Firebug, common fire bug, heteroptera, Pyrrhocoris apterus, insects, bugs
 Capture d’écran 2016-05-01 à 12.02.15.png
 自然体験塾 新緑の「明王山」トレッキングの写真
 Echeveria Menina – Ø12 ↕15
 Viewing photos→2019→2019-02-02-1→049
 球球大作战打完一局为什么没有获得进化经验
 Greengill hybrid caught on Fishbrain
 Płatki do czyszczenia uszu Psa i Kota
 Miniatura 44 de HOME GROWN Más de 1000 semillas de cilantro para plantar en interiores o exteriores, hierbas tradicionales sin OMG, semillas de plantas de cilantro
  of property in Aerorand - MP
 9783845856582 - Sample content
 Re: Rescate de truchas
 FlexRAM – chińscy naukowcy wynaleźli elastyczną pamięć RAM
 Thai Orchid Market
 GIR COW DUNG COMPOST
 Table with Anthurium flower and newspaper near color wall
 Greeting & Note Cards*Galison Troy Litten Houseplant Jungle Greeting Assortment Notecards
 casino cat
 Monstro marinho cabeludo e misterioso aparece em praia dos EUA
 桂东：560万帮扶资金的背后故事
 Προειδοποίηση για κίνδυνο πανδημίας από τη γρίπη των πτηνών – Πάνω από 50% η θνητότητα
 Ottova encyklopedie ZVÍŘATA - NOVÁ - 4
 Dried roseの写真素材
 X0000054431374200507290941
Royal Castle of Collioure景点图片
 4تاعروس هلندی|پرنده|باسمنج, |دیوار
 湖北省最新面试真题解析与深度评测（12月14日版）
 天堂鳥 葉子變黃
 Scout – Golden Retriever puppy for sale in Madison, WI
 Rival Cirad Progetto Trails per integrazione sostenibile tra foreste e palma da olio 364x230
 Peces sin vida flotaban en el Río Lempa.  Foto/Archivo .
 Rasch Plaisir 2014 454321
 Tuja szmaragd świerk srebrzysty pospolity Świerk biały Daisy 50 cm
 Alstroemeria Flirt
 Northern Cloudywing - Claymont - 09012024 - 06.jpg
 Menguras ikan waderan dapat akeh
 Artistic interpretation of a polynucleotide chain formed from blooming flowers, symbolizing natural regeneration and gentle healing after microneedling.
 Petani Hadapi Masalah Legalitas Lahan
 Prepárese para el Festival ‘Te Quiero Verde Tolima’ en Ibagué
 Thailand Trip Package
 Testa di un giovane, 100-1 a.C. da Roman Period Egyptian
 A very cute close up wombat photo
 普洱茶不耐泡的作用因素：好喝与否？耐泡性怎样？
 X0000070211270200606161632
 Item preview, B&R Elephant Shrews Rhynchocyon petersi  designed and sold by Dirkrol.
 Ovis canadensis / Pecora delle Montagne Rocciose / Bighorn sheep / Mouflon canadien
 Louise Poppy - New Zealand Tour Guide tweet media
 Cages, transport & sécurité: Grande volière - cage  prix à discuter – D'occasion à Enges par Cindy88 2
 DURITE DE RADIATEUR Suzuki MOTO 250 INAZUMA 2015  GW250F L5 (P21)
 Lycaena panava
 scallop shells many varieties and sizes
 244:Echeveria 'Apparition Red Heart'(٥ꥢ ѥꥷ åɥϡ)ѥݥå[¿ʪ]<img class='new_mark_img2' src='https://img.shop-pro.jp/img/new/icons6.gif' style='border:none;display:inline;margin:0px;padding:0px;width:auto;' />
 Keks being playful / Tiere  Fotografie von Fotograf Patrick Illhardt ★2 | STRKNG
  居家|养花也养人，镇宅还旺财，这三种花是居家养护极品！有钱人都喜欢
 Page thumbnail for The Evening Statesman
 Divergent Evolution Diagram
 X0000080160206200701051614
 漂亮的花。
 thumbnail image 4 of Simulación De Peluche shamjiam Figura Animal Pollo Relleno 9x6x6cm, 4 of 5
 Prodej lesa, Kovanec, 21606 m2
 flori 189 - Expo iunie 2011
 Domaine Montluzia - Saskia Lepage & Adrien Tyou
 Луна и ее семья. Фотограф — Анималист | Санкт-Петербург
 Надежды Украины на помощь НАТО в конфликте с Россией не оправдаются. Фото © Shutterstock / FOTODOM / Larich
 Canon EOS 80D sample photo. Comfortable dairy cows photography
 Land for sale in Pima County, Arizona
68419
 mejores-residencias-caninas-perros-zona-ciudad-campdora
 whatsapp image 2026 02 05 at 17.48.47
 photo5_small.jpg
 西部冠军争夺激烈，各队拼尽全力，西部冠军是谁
——
# Directions:
List every line above that holds the word "para".

# Solved exercise:
 Miniatura 44 de HOME GROWN Más de 1000 semillas de cilantro para plantar en interiores o exteriores, hierbas tradicionales sin OMG, semillas de plantas de cilantro
 Prepárese para el Festival ‘Te Quiero Verde Tolima’ en Ibagué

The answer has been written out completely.